A government’s ability to enforce tax collection efficiently is one of the fundamental components of state capacity and, in turn, of economic development. Tax evasion generates significant losses in government revenues and distortions in the economic activity. Evasion is of particular concern in developing countries, where the share of the informal economy is typically larger and the government has limited sources of information.
Over the last decade, an increasing number of revenue authorities around the world have started collaborating with academic researchers to rigorously evaluate initiatives aimed at increasing tax revenues. The current proposal arises from collaboration between the researchers and the Kenya Revenue Authority (KRA), one of the most innovative and respected tax authorities in Sub-Saharan Africa.

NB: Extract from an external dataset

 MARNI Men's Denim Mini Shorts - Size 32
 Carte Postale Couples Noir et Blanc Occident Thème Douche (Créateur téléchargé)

The partners have identified two major areas for joint projects: taxation of real estate rental income and value added tax (VAT) compliance for small firms. In the proposal, we describe two projects that aim at exploiting opportunities to raise tax revenues based on the availability of third party data and on insights from economic theory. Access to the KRA administrative data will reduce the need for survey data collection (at least in this first stage), thus making the research extremely cost-effective.
Real estate taxation and VAT compliance are topics whose interest spans well beyond the specific study setting. As such, we believe that the study findings will be relevant for tax authorities throughout the developing world. In addition, the strong partnership with KRA ensures that, should any of the proposed interventions be particularly effective in raising tax revenues, there would be high potential to scale them up nationwide.